So let's take a look...
As a downtown Chicago casino inches closer to reality, results from gambling forays in Detroit and other Midwestern cities suggest a limited payout here for the convention and tourism industries.A 'zero-sum game'? Ah, so these tourists who come in don't spend their money at these casinos? They're not gambling. That or there are no tourists.
Three casinos near downtown Detroit, the first of which opened in 1999, have done little to attract more visitors or otherwise boost the city's struggling economy, according to Donald Holecek, a Michigan State University professor emeritus of tourism development. "People would come in for a day and stay in the casino," he says.

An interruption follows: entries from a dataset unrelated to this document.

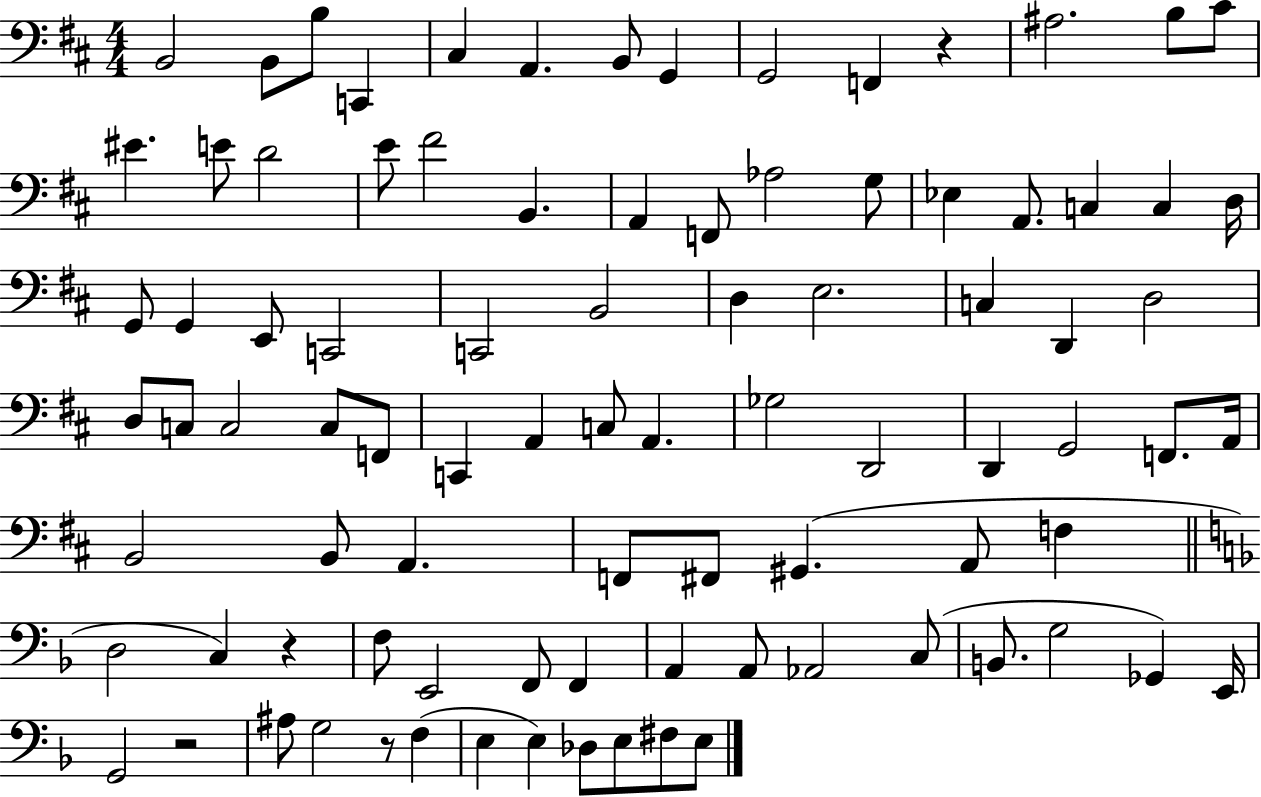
X:1
T:Untitled
M:4/4
L:1/4
K:D
B,,2 B,,/2 B,/2 C,, ^C, A,, B,,/2 G,, G,,2 F,, z ^A,2 B,/2 ^C/2 ^E E/2 D2 E/2 ^F2 B,, A,, F,,/2 _A,2 G,/2 _E, A,,/2 C, C, D,/4 G,,/2 G,, E,,/2 C,,2 C,,2 B,,2 D, E,2 C, D,, D,2 D,/2 C,/2 C,2 C,/2 F,,/2 C,, A,, C,/2 A,, _G,2 D,,2 D,, G,,2 F,,/2 A,,/4 B,,2 B,,/2 A,, F,,/2 ^F,,/2 ^G,, A,,/2 F, D,2 C, z F,/2 E,,2 F,,/2 F,, A,, A,,/2 _A,,2 C,/2 B,,/2 G,2 _G,, E,,/4 G,,2 z2 ^A,/2 G,2 z/2 F, E, E, _D,/2 E,/2 ^F,/2 E,/2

Chicago casino boosters cite a potential impact of as much as $950 million a year in annual revenue and 2,500 new jobs from a casino with 4,000 gambling positions, figures that could grow to $1.2 billion and 3,200 jobs for the hospitality industry as a whole. But critics say much of that would not be new money.
"The good thing (about casinos) is they make a lot of money," says William Thompson, a University of Nevada at Las Vegas professor of public administration. Casinos "pay a lot of taxes. The bad thing is they make the money off local residents. It's a zero-sum game."
Detroit may not be a good example only because I can only imagine that they aren't getting much tourism up there in the "Motor City". Might Chicago's attempt at gaming prove my theory correct that conventioneers and tourist won't spend at a casino? And yes, I do mean gambling.